- _INSTRUCTIONS TO FOLLOW_: Each entry must be given again exactly; images do not belong in the copy.

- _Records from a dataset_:
————
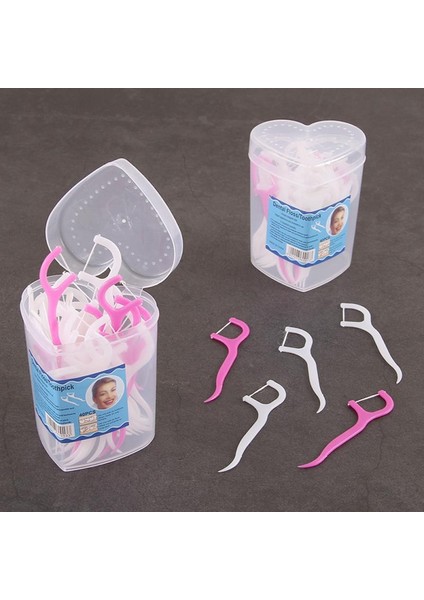 50 Adet Tek Kullanımlık Diş Ipi Aile Ambalaj Temizleme Diş Sopa 7.5cm Diş Ipi Çekme Diş Arası Fırça Kürdan Ağız Bakımı (Yurt Dışından)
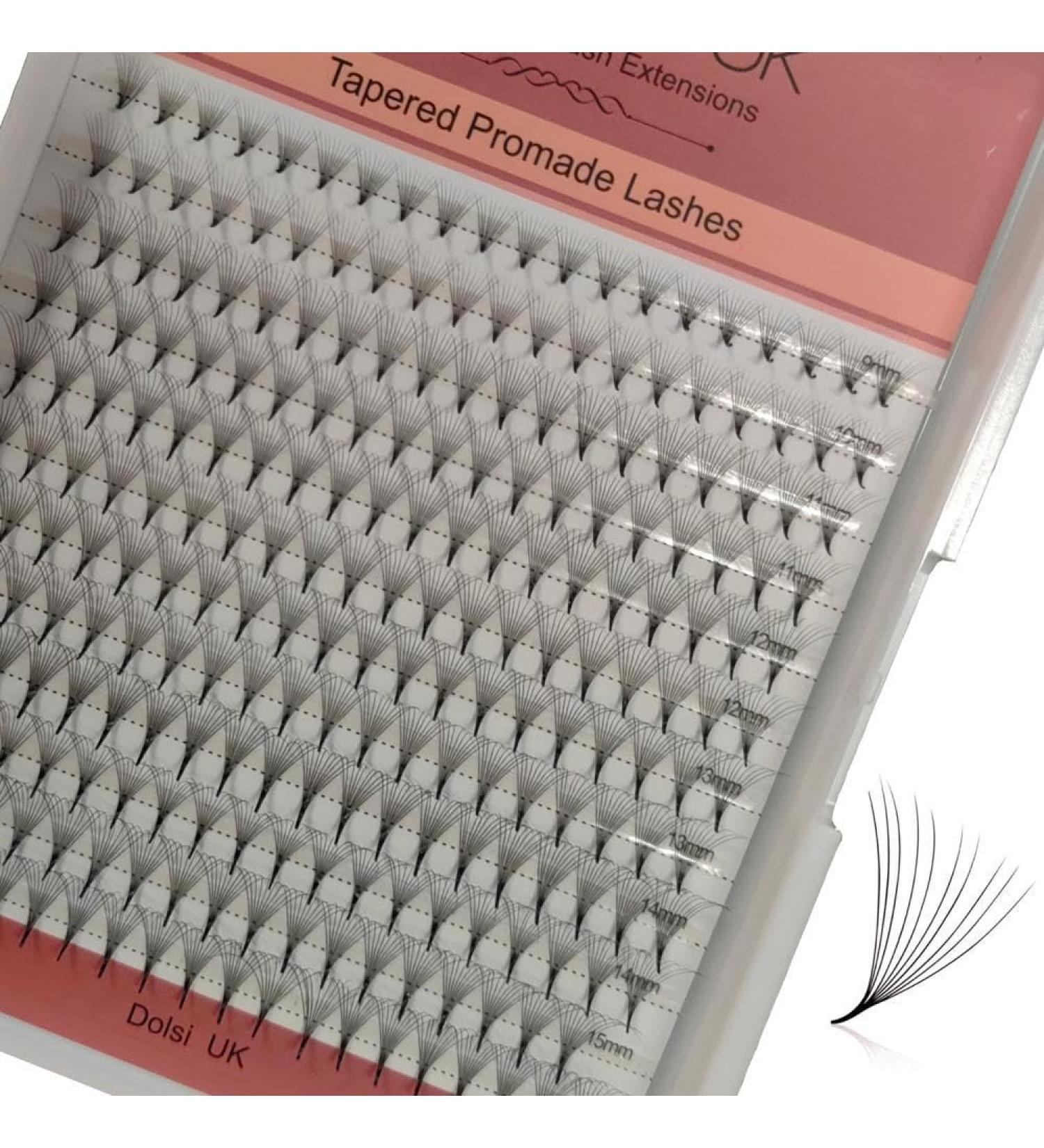 Promade Individual False Lashes Cluster Lashes DIY lash extensions Thin Band (16mm)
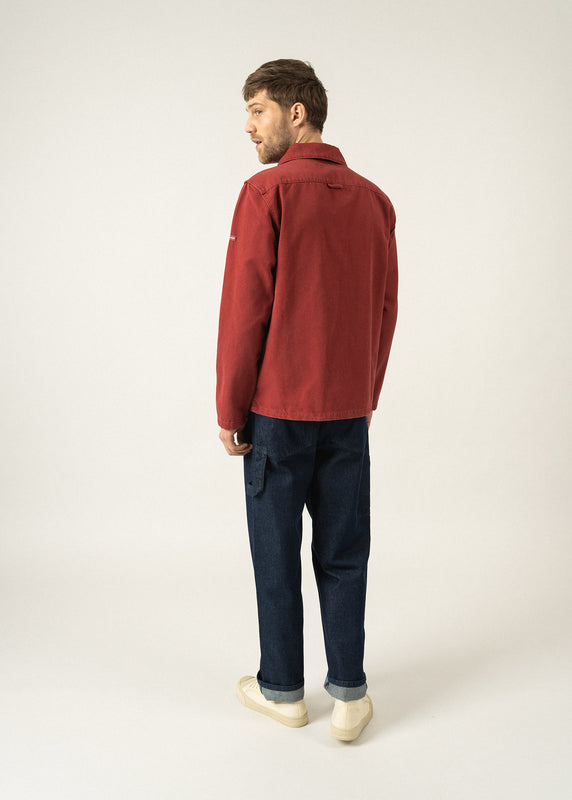 Saint James Zephyr Smock Style Jacket BRIQUE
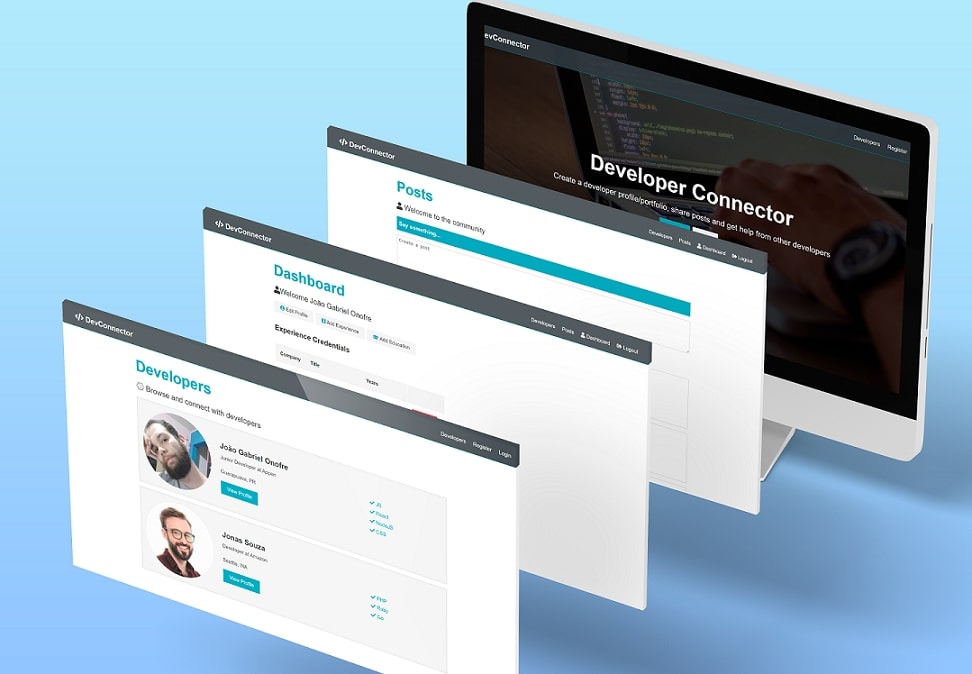 DevConnector - Landing, Posts, Profiles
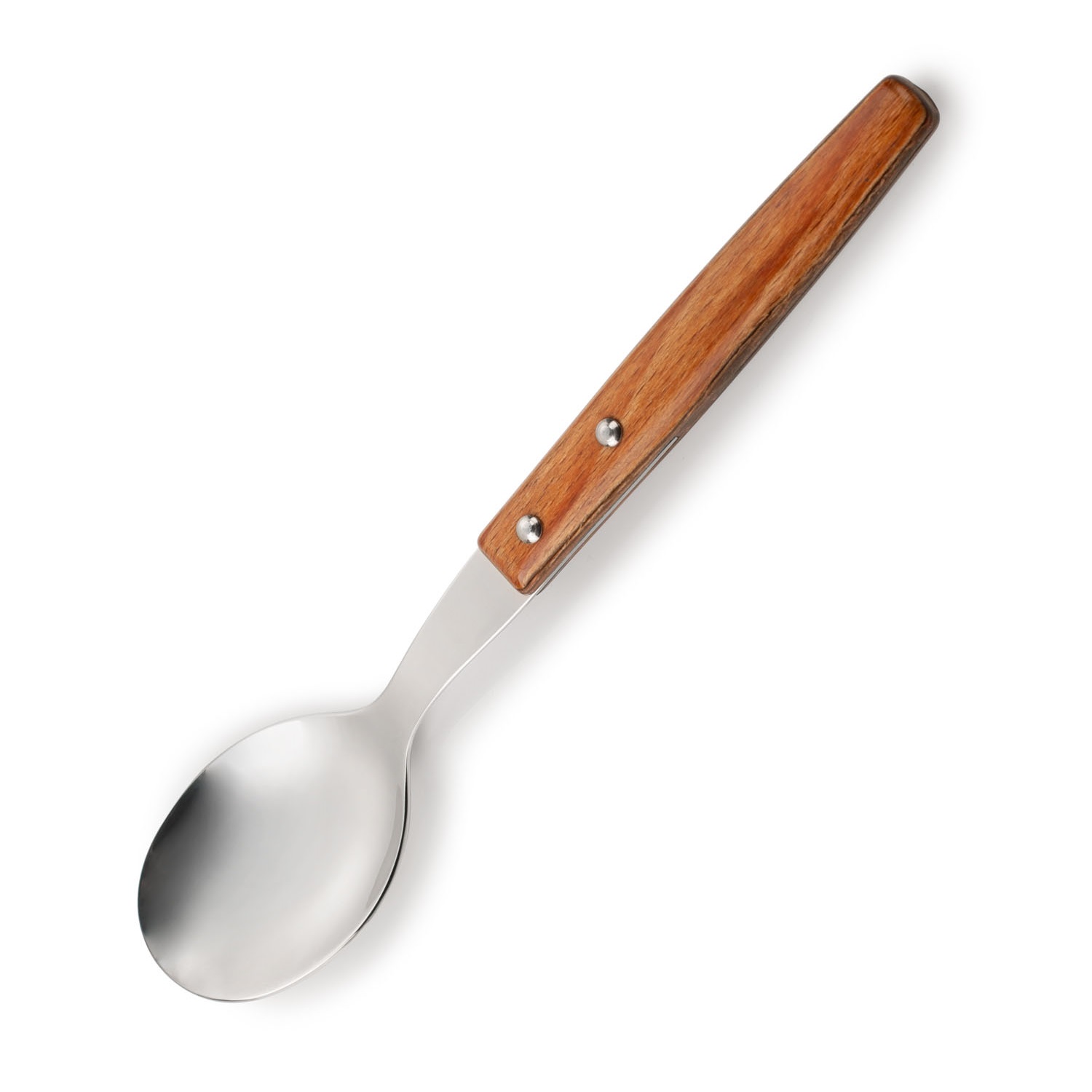 12 Arcos lunch spoons 153 mm Gregorio Series with compressed wood...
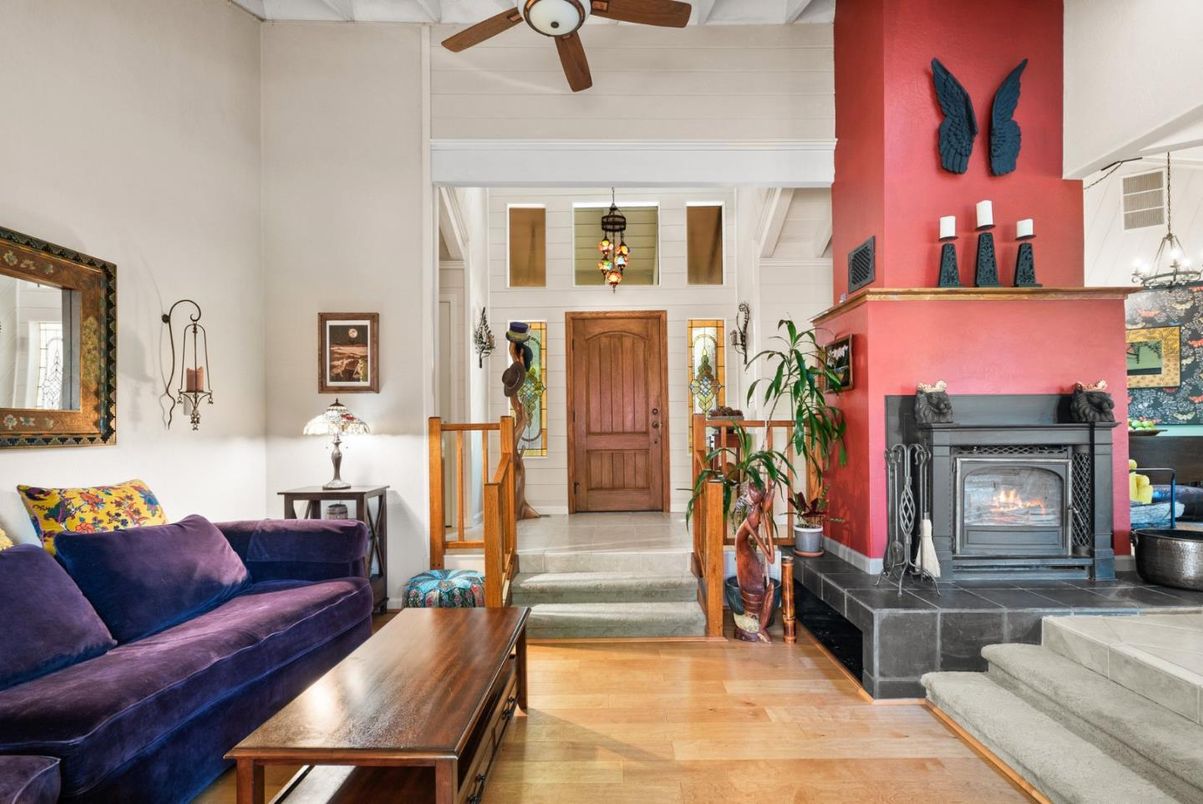 Fireplace, Interior, Living room, Wood Texture Flooring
————
- _EXPECTED ANSWER_:
 50 Adet Tek Kullanımlık Diş Ipi Aile Ambalaj Temizleme Diş Sopa 7.5cm Diş Ipi Çekme Diş Arası Fırça Kürdan Ağız Bakımı (Yurt Dışından)
 Promade Individual False Lashes Cluster Lashes DIY lash extensions Thin Band (16mm)
 Saint James Zephyr Smock Style Jacket BRIQUE
 DevConnector - Landing, Posts, Profiles
 12 Arcos lunch spoons 153 mm Gregorio Series with compressed wood...
 Fireplace, Interior, Living room, Wood Texture Flooring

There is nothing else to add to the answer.